- Exercise aim -
The answer must consist solely of the lines from the one containing "F1® Race Programme Screenshot" through the last line of the records, set down exactly and without any pictures.

*** Records supplied Section Begins ***

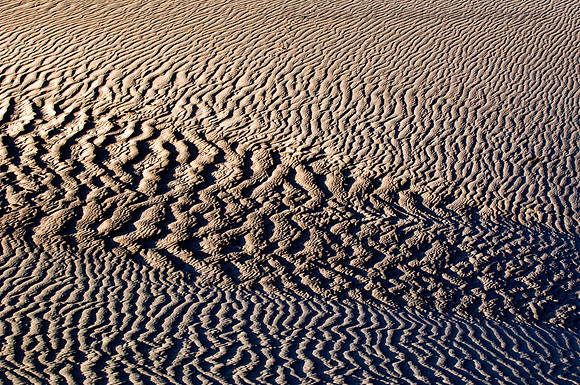 Sand dune ripples and nature's patterns in the Mesquite Flat Dunes, Death Valley National Park, California.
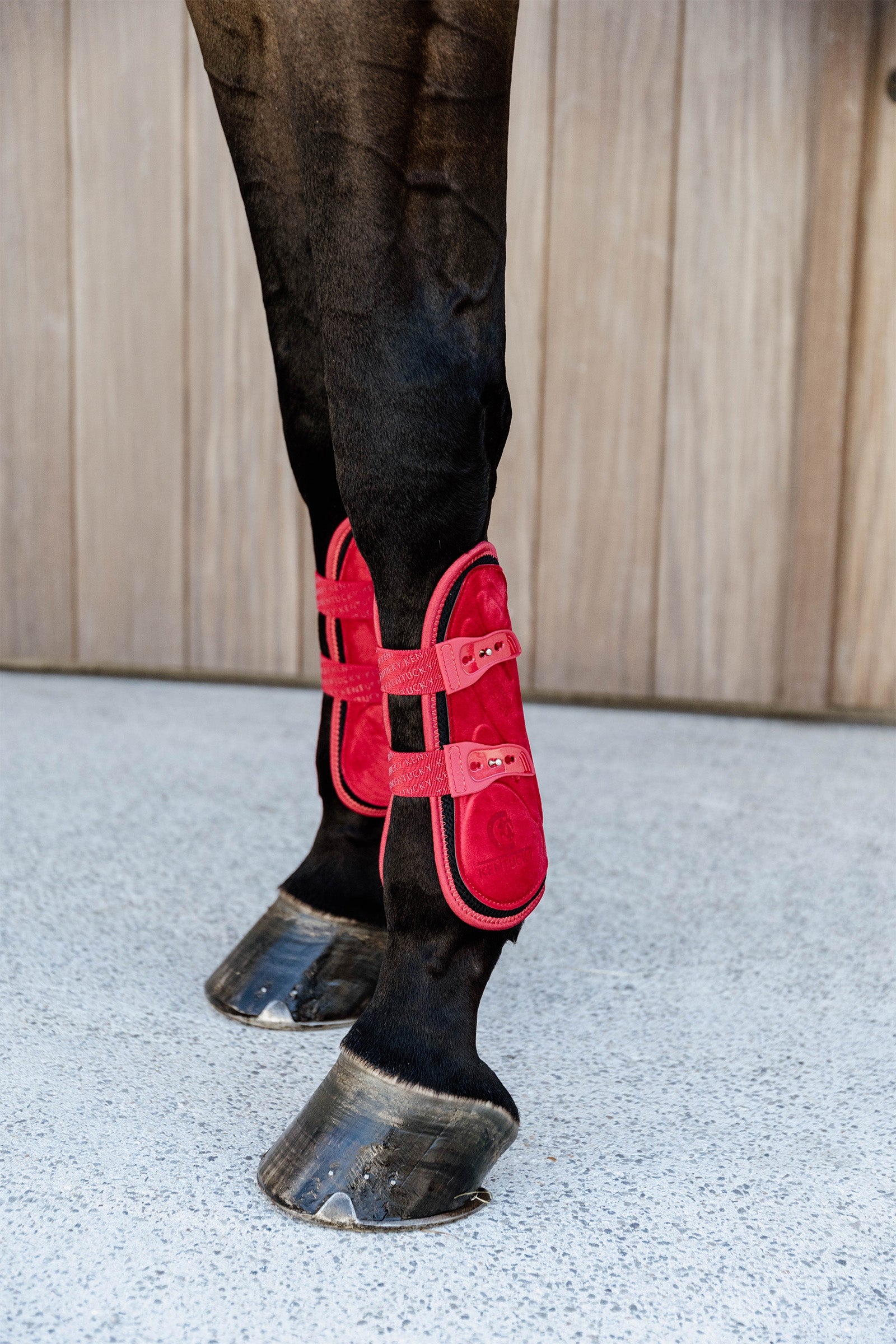 Kentucky Horsewear Bamboo Elastic Velvet Tendon Boots Leg Protection & Hoof Protection for Horses
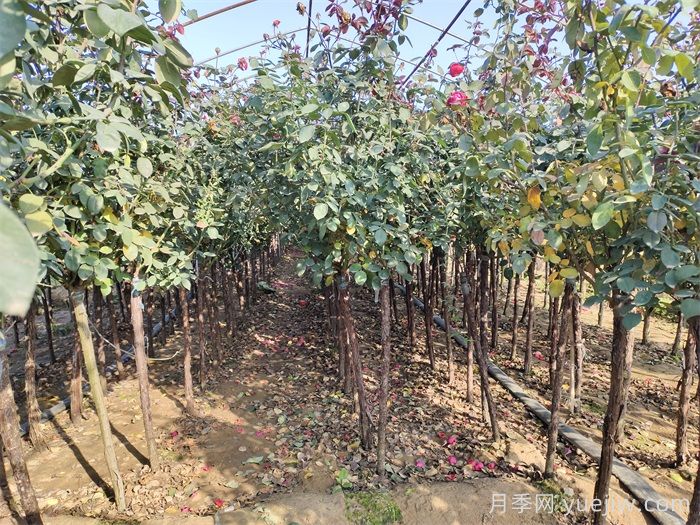 3公分树状月季/3公分月季树(图3) 3公分树状月季/3公分月季树(图3)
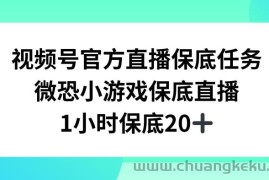 视频号直播任务，微恐小游戏，1小时20+【揭秘】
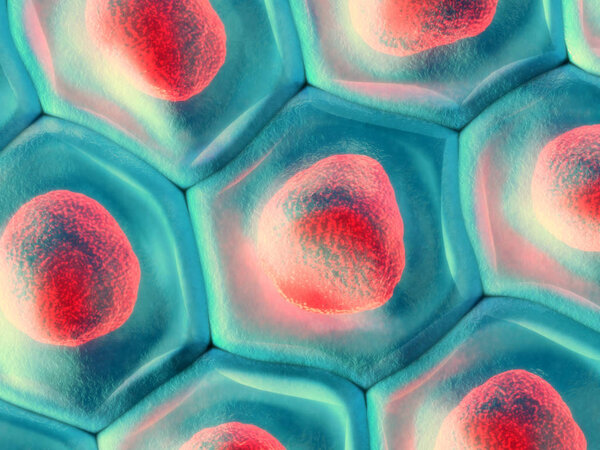 3d illustration of a top view on blue cell pattern with red cell nucleus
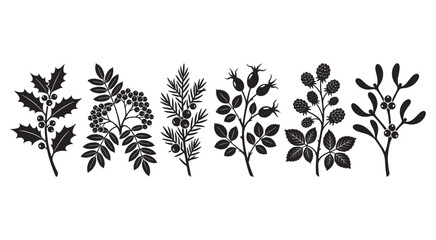 Black winter holly mistletoe and berry branch silhouettes set vector illustration isolated on white background © selena
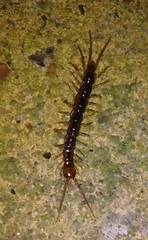 Lithobius melanops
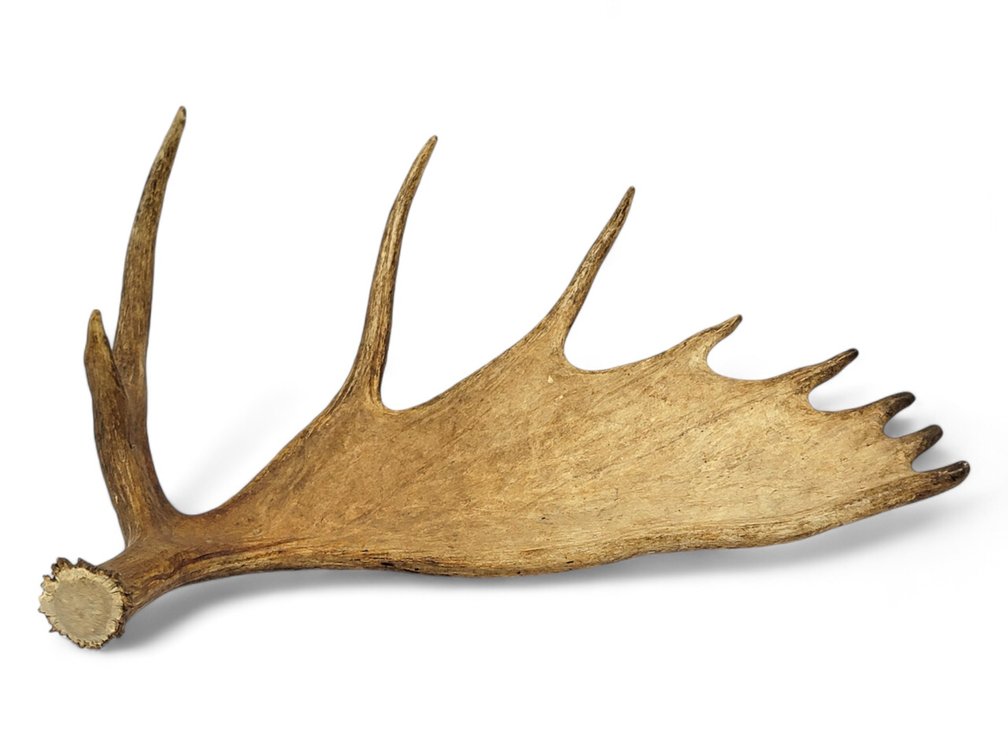 33" Single Moose Antler 
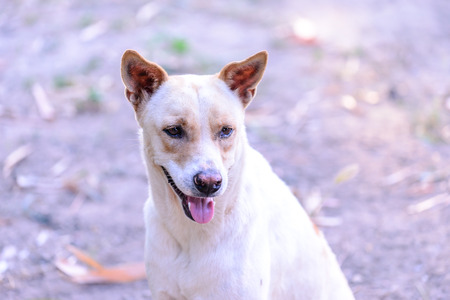 Happy white dog.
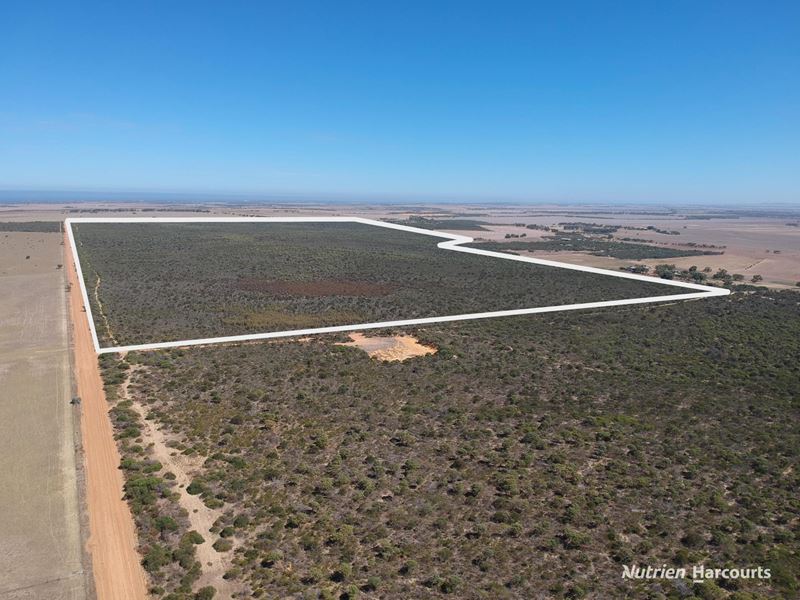 Lot 2691 Fraser Road, Walkaway WA 6528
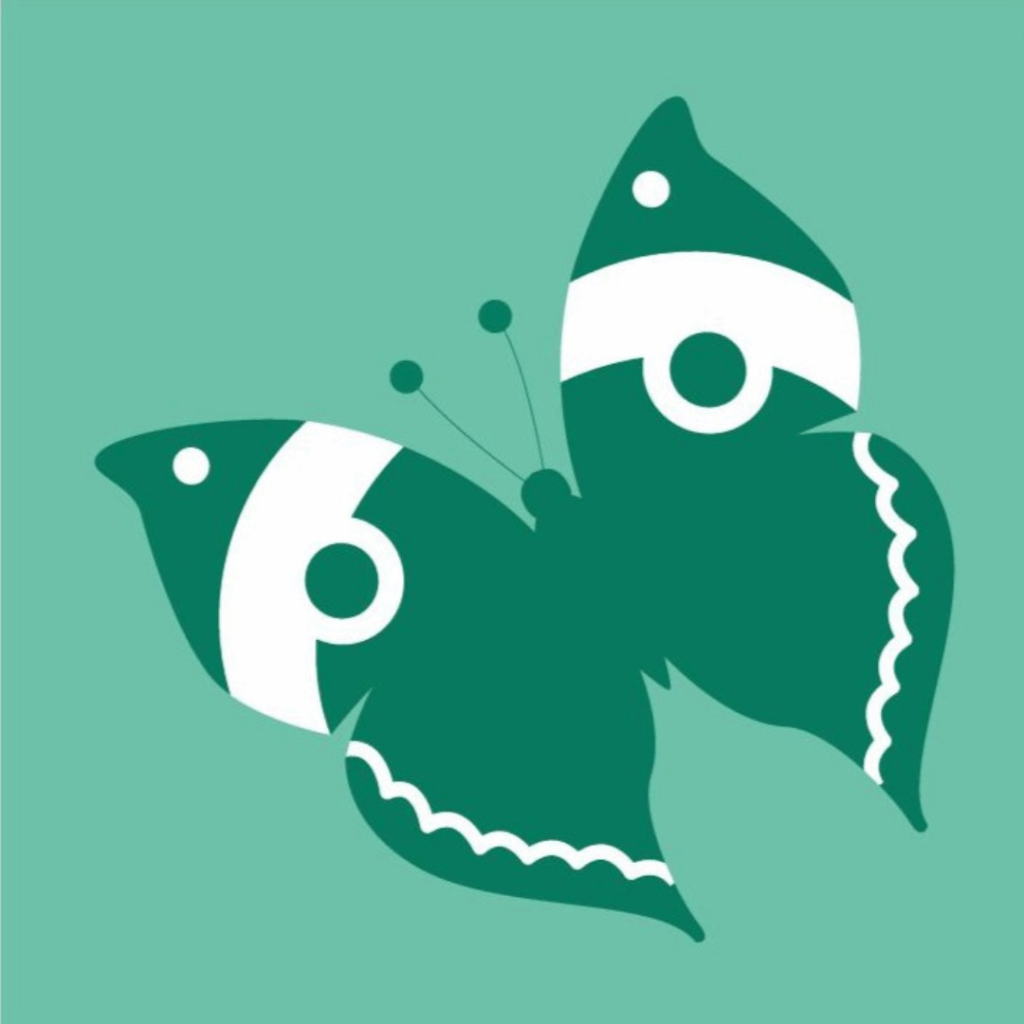 ジンベエジェット3号機「結ジンベエ」、今年度就航へ 2 sub1 6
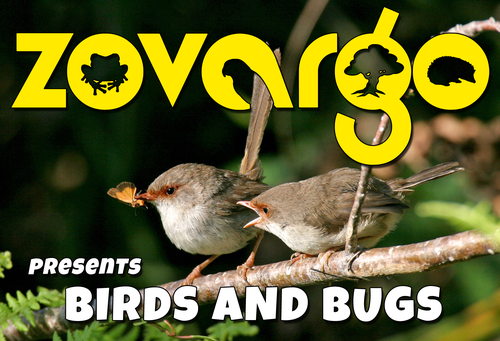 Birds and Bugs Zovargo Animal Show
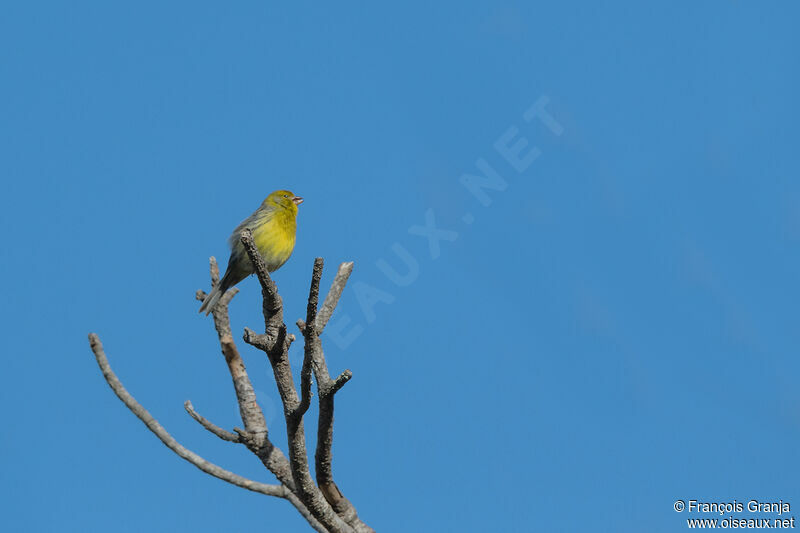 Atlantic Canary male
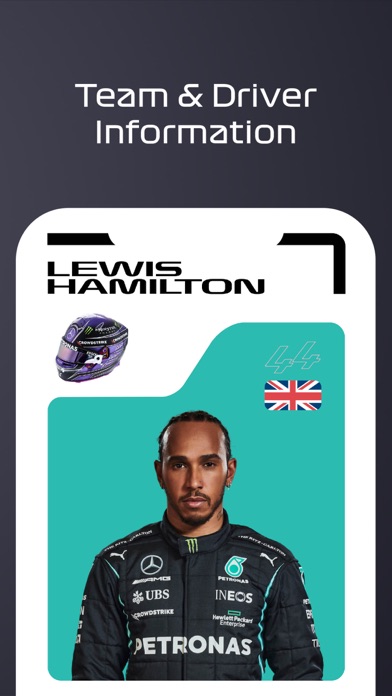 F1® Race Programme Screenshot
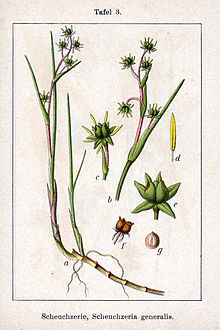 Kallgräs (S. palustris)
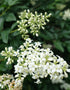 Ligustrum Ovalifolium (Green Privet) [40-60cm]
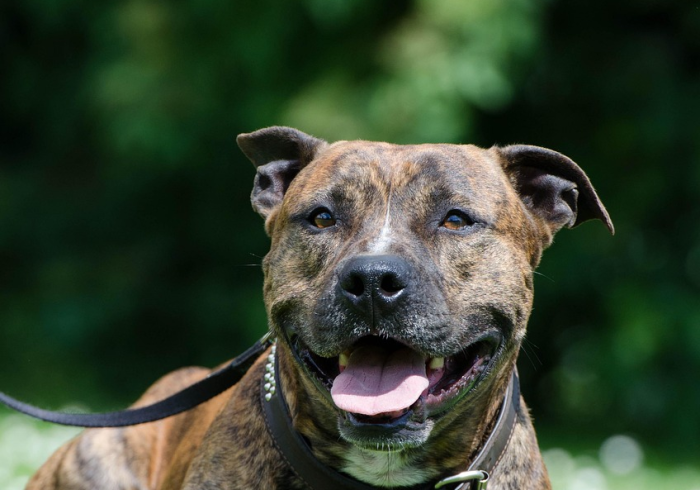 房卡必备教程“微信炸 金花链接在哪买”房卡怎么购买 房卡必备教程“微信炸 金花链接在哪买”房卡怎么购买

*** Records supplied Section Ends ***

- Output of the exercise -
 F1® Race Programme Screenshot
 Kallgräs (S. palustris)
 Ligustrum Ovalifolium (Green Privet) [40-60cm]
 房卡必备教程“微信炸 金花链接在哪买”房卡怎么购买 房卡必备教程“微信炸 金花链接在哪买”房卡怎么购买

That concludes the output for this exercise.